На этот раз он перехватил ее руки.
– Я не хотел обзаводиться фантазиями, Джевел. Так примериваешься к посторонним, к друзьям – редко.
– Так мы и были всегда и тем, и другим. Или ни тем, ни другим. Нарывались друг на друга каждую пару лет, хороводились несколько дней, пока не поцапаемся. Это не дружба, а неизвестно что. Почеши мне спину.
Фаррелл почесал.
– Ну, чем бы это ни было, а оно вселяло в меня надежду. Даже если я сидел на мели в каком-нибудь Бонне или в Албании, всегда оставался шанс – поверни еще раз за угол, а там Джулия. С новой работой, новым языком, в новой одежде, с новым мужчиной и новым мотоциклом.
Он провел ногтями вверх и вниз по ее бедрам и содрогнулся с ней вместе.
– Черт, ты же моя ролевая модель. Я годами тебя имитировал.
– А говоришь, что фантазиями не обзаводишься.
Она соскользнула с него и натянула поверх обоих одеяло, улегшись на бок, поджав колени и став вдруг домашней и хрупкой. Фаррелл попытался снова привлечь ее к себе, но колени не пустили.

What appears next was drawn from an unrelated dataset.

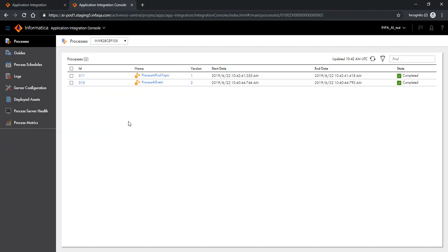So that completes my demonstration on how cloud app integration leverages the streaming Salesforce API for Salesforce platform events and Salesforce push topic. What I showed you was a very basic process which didn't do anything, but based upon your requirements, you may have a process which could be doing n number of things. That's the subject of our next demo. Till then, thank you very much.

– Да, все мои мужчины, – сказала она. – У всех ты ходил в добрых приятелях и даже не ревновал, ни разу. Никогда не смотрел в мою сторону, если я уходила с Аленом, с Лэрри, с Тетси, не думал о том, что я с ними вот так – лежу, разговариваю.
– Лэрри это кто? Который из них Лэрри?
– Лейтенант в Эвре. На воздушной базе. Ты вечно играл с ним в шахматы. Джо, по-моему, ты самый большой лицемер, какого я только знаю. Серьезно.
Лежа на спине, Фаррелл оглядывал комнату. Ощущение, что он дома у Джулии, рядом с ней, еще не охватило его, скорее казалось, что они спьяну ткнулись в первую попавшуюся дверь, та отворилась, и они рухнули друг на дружку в не Бог весть каком свободном пространстве, дарованном им этой ничего не значащей дверью. Однако теперь, в овале света от большой лампы у кровати, он начинал узнавать вещи, которые видел у Джулии в Эвре и в Париже, на Минорке и в Загребе.
– Почему ты меня окликнула? – спросил он. – Я уходил в полной уверенности, что окончательно все изгадил.
– Может и изгадил, пока не знаю. Я хотела понять – осталось у нас что-нибудь, что еще можно изгадить? – она повела плечами, заползая поглубже под одеяло. – И кроме того, действительно, было самое время, тут ты оказался прав. Так или этак, но мы не могли снова стать тем, чем были. Котятами.
– Ты довольна? – Джулия закрыла глаза. Фаррелл лизнул ее потную спину, чуть ниже шеи. – Вкус у тебя, как у красной гвоздики. Крохотные медовые взрывы.
Джулия положила руку ему на живот, под самые ребра.
– Тощий, – пробормотала она, и затем вдруг: – Джо? Ты помнишь, как мы повстречались в Париже, я еще сидела в машине?
– Мммм. Я плелся по Мсье-ле-Принс, глядь, а у обочины ты сидишь.
– Мне полагалось на следующий день отправиться с двадцатью пилотами в туристическую поездку, а я совершенно забыла о ней и ничего не подготовила. Вот и сидела, думала, как жить дальше. И вдруг увидела тебя. Выглядел ты кошмарно.
– Да я и чувствовал себя именно так. Плохая была зима. Больше я ни разу не скатывался так низко и не влипал в такое количество неприятностей. Во всяком случае, ни разу в одно и то же время. Я тогда сидел у тебя в машине и это было самое теплое место, в какое я попал со времени приезда во Францию.
Она погладила его, не открывая глаз.
– Бедный Джо в нью-йоркском пальтеце.